▶ Directions
Starting at the line that contains "Italian Vera Pelle" in the listing below, write out every line word for word until you have written the line that contains "Miniature French Patinated".

▶ Supplied material
----
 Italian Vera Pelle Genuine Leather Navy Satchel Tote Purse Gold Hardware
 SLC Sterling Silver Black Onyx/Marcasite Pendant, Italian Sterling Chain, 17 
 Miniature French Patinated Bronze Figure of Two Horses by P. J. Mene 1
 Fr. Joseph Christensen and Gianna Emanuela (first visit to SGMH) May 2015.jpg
----
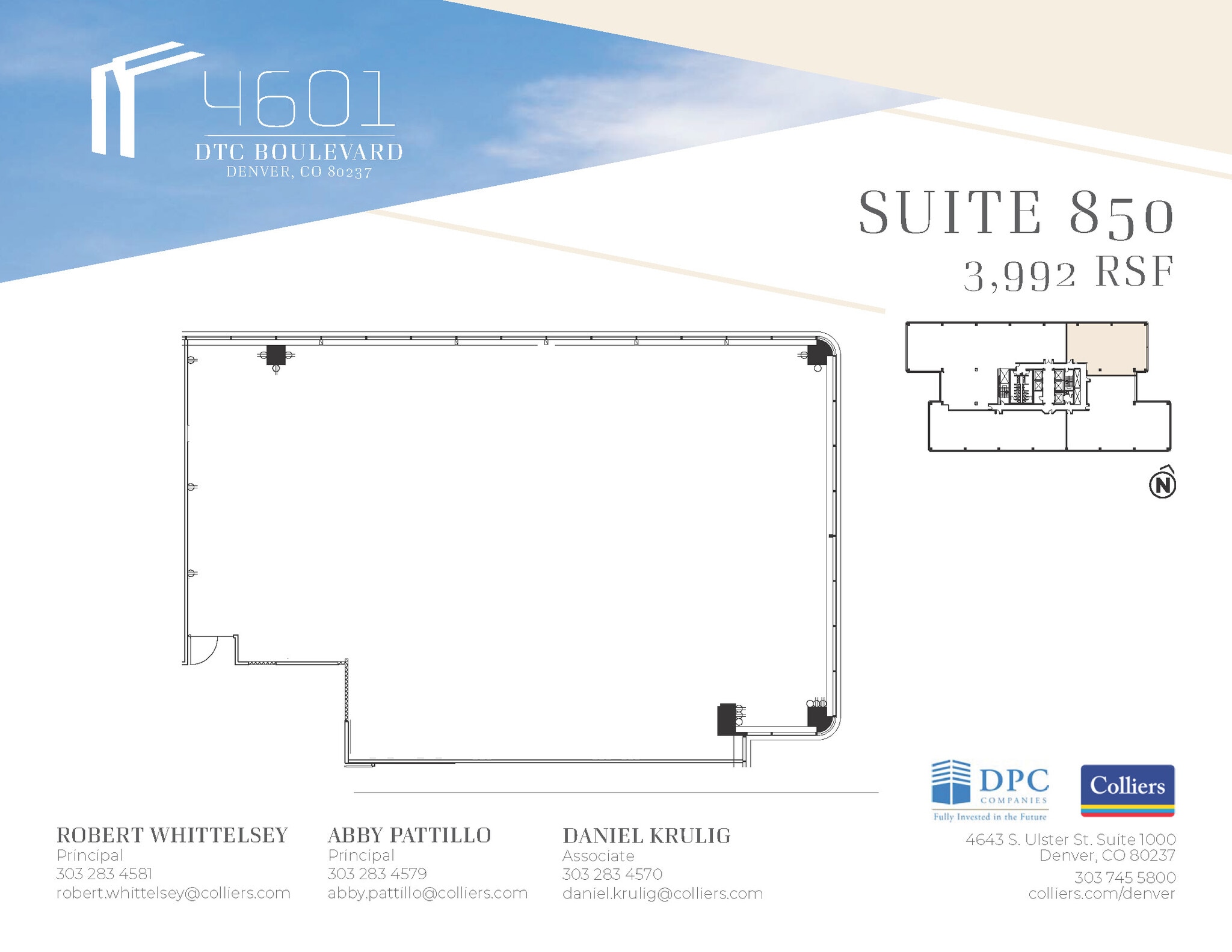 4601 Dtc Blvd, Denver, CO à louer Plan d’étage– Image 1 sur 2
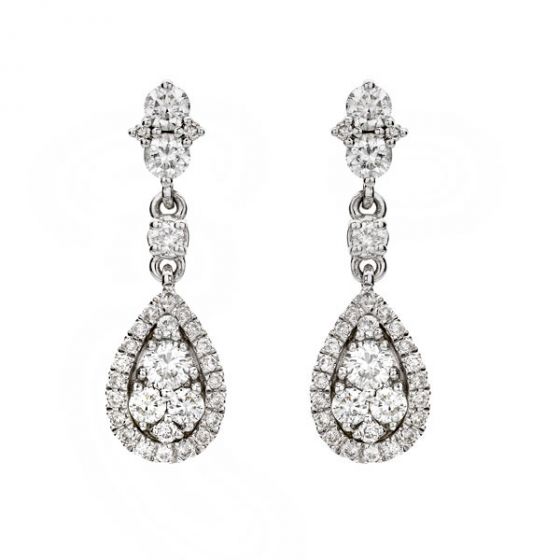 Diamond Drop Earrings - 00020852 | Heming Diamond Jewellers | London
----
▶ Answer to the exercise
 Italian Vera Pelle Genuine Leather Navy Satchel Tote Purse Gold Hardware
 SLC Sterling Silver Black Onyx/Marcasite Pendant, Italian Sterling Chain, 17 
 Miniature French Patinated Bronze Figure of Two Horses by P. J. Mene 1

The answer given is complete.